───── Excerpted records ─────

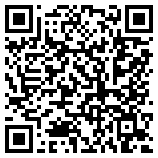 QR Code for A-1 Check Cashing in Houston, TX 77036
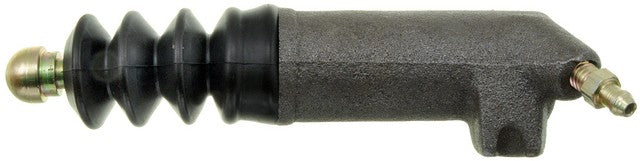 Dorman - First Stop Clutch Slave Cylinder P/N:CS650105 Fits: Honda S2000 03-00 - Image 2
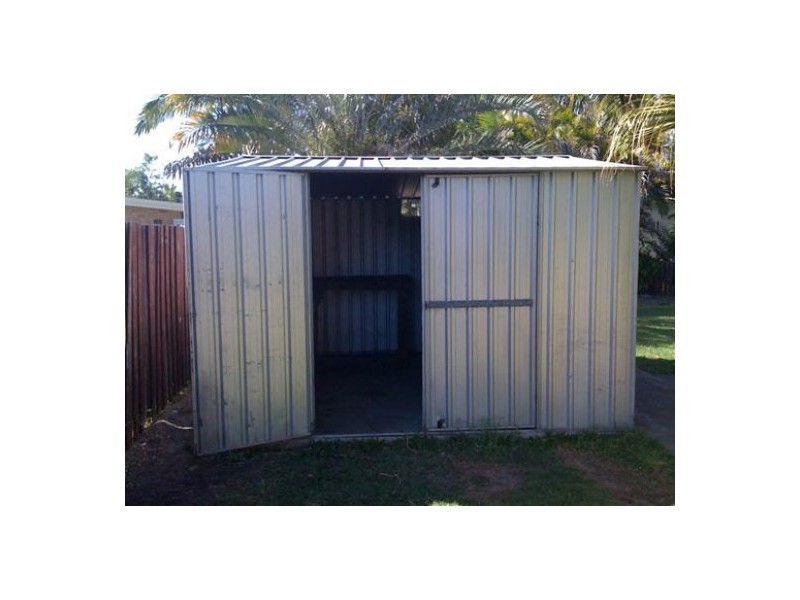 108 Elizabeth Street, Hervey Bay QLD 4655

─────
───── Excerpted records ─────

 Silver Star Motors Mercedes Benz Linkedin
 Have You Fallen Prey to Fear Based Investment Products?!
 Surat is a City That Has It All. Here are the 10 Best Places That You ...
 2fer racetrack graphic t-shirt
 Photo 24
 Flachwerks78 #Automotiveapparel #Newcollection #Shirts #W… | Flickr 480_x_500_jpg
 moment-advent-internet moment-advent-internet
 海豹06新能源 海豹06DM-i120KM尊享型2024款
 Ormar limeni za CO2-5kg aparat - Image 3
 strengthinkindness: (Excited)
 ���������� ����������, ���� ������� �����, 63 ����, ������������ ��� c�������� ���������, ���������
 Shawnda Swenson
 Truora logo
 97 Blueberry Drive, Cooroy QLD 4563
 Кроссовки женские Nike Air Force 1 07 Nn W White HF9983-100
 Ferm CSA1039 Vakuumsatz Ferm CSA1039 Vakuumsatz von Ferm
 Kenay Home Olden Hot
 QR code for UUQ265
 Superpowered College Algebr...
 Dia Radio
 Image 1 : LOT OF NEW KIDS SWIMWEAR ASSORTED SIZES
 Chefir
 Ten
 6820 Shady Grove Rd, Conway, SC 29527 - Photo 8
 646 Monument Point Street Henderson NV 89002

─────

● **Prompt**
Of all the entries above, repeat only the lines from the line that has "Superpowered College Algebr..." to the line that has "646 Monument Point Street Henderson NV 89002", both lines included, exactly.

● **Task response**
 Superpowered College Algebr...
 Dia Radio
 Image 1 : LOT OF NEW KIDS SWIMWEAR ASSORTED SIZES
 Chefir
 Ten
 6820 Shady Grove Rd, Conway, SC 29527 - Photo 8
 646 Monument Point Street Henderson NV 89002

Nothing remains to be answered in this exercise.